__TO DO__
When you reach the line that contains "Used 2023 Cadillac CT5 Luxury image 3", begin copying exactly and continue through the last line below. Do not copy pictures.

Collected data entries:
╭──
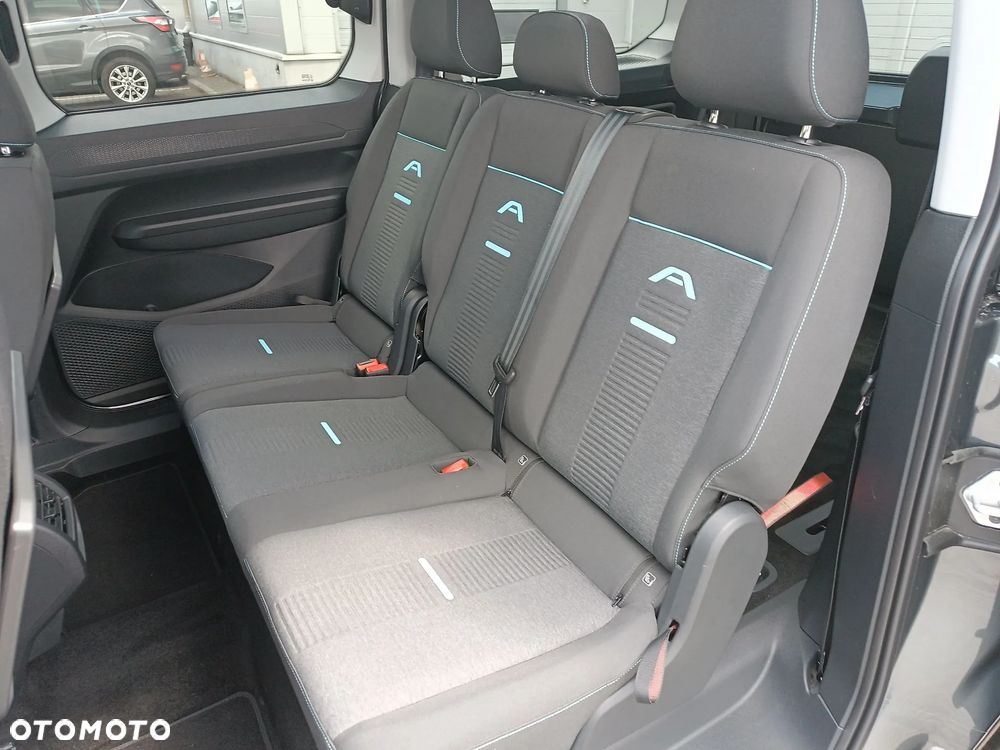 Ford Tourneo Connect Grand 2.0 EcoBlue Active - 22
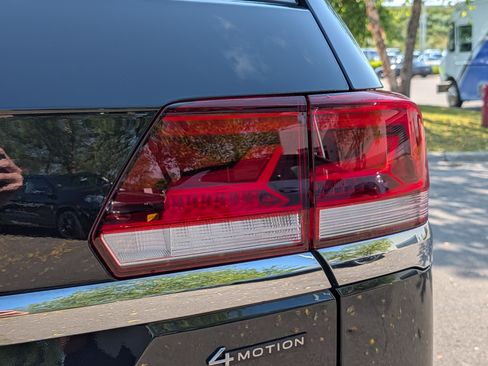 Certified 2023 Volkswagen Atlas SE w/ Black Wheel Package AWD/4WD image 17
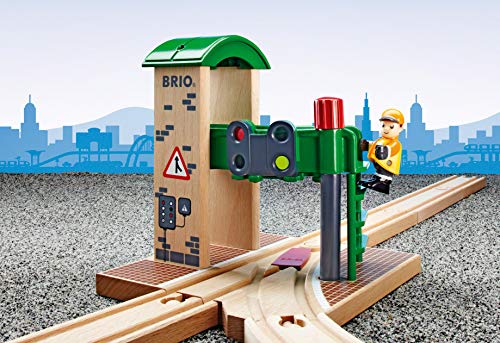 Brio World 33674 - Signal Station - 2 Piece Wooden Toy Train Accessory for Kids Age 3 and Up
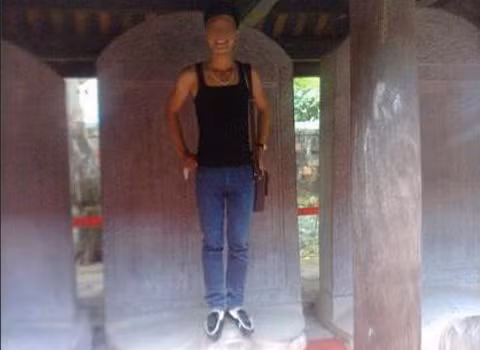 Chưa thỏa, anh chàng này còn đứng thẳng lên đầu rùa với vẻ mặt rất sảng khoái. Cư dân mạng đã tỏ rõ sự phẫn nộ khi họ đòi tìm cho ra nam sinh này để "xử lý". Được biết công an cũng đã vào cuộc để truy ìm và xử phạt về hành vi xâm hại văn hóa này.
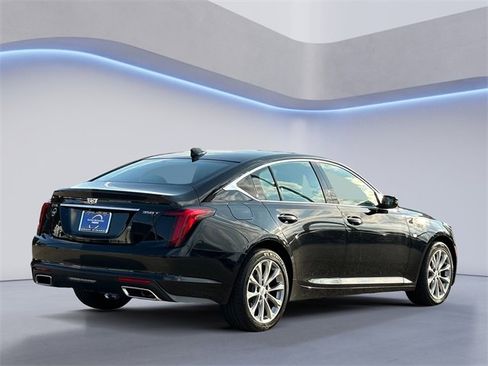 Used 2023 Cadillac CT5 Luxury image 3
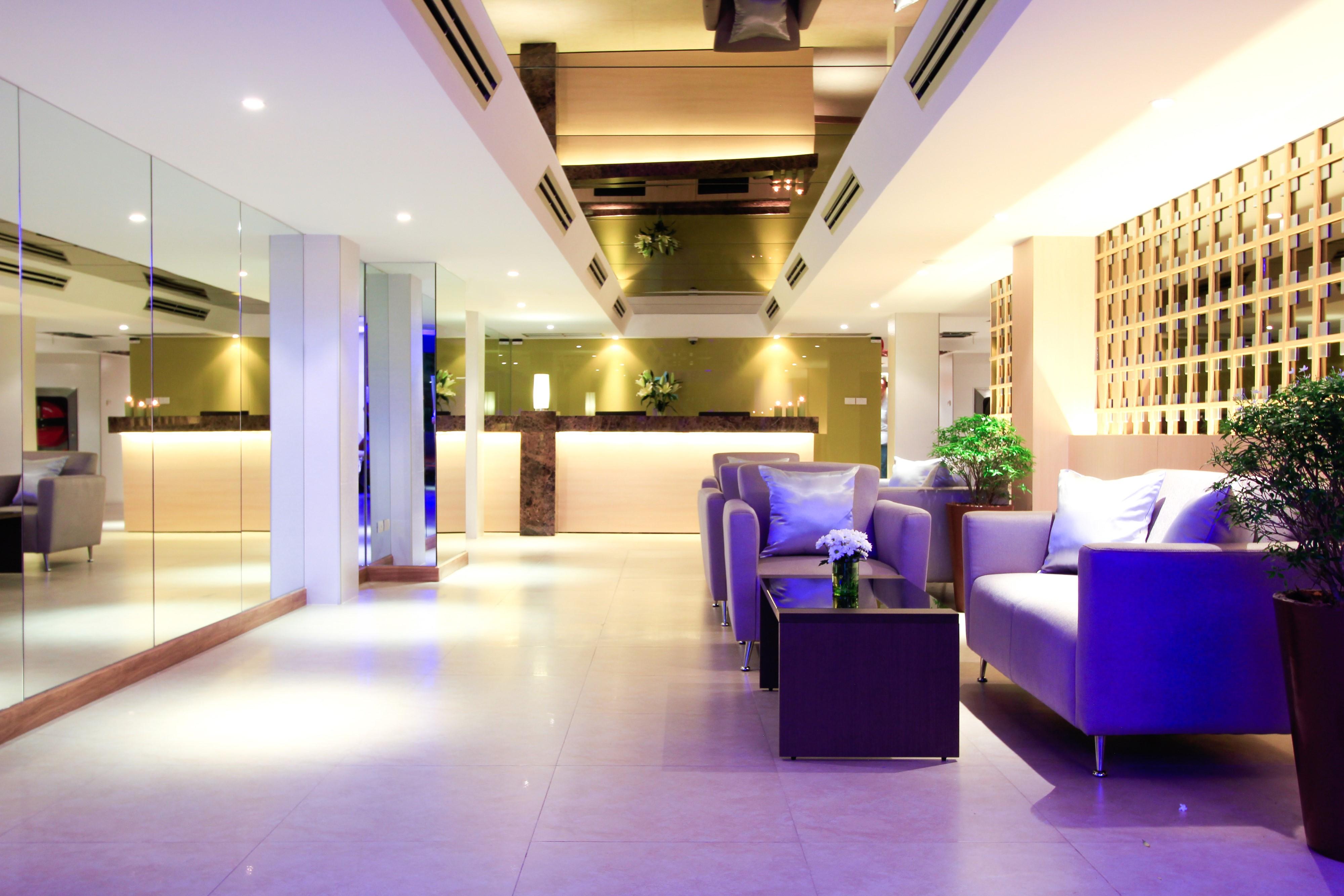 Petals Inn Bangkok Exterior photo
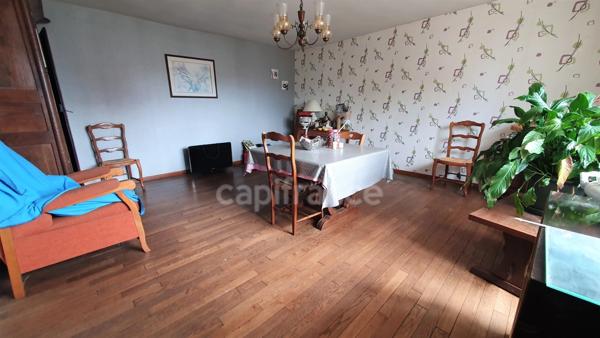 Maison en pierre 4 pièces de 120m² DAMPIERRE LES CONFLANS (70)
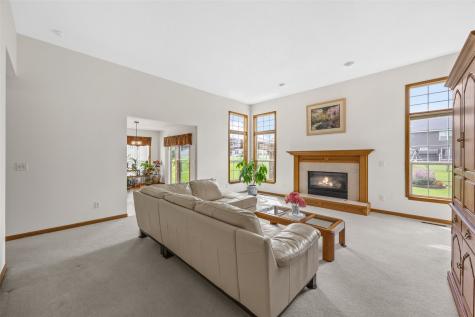 400 Westridge Drive SW Cedar Rapids IA 52404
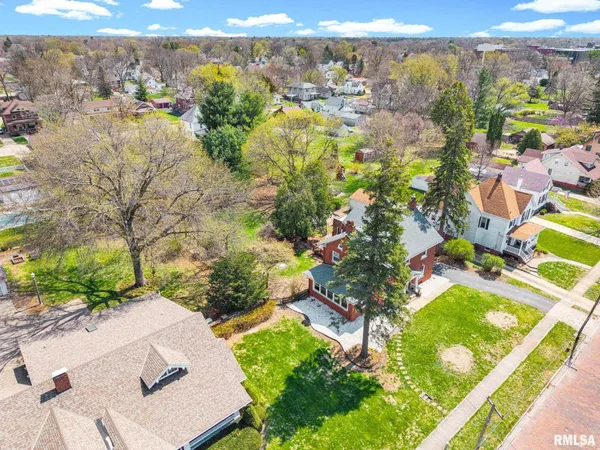 $250,000 | 1109 North Prairie Street, Galesburg, IL 61401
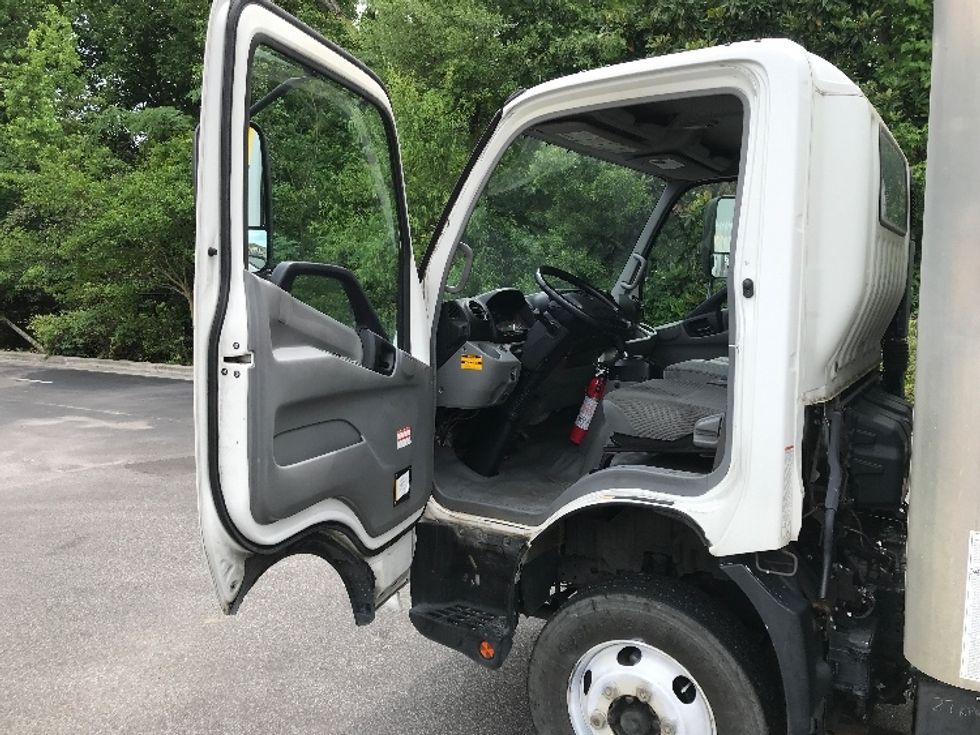 Light Duty Box Truck-Light and Medium Duty Trucks-Hino-2020-155-Ladson-SC-148,948\n\t\tmiles-$ 34,250 - Image 17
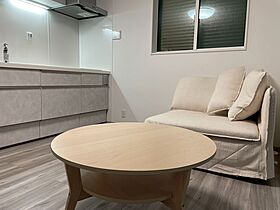 TKプランニング株式会社の施工事例「狭小住宅×快適設計/光と収納でコンパクトな空間を広く暮らす施工事例」の画像1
╰──
__REPLY__
 Used 2023 Cadillac CT5 Luxury image 3
 Petals Inn Bangkok Exterior photo
 Maison en pierre 4 pièces de 120m² DAMPIERRE LES CONFLANS (70)
 400 Westridge Drive SW Cedar Rapids IA 52404
 $250,000 | 1109 North Prairie Street, Galesburg, IL 61401
 Light Duty Box Truck-Light and Medium Duty Trucks-Hino-2020-155-Ladson-SC-148,948\n\t\tmiles-$ 34,250 - Image 17
 TKプランニング株式会社の施工事例「狭小住宅×快適設計/光と収納でコンパクトな空間を広く暮らす施工事例」の画像1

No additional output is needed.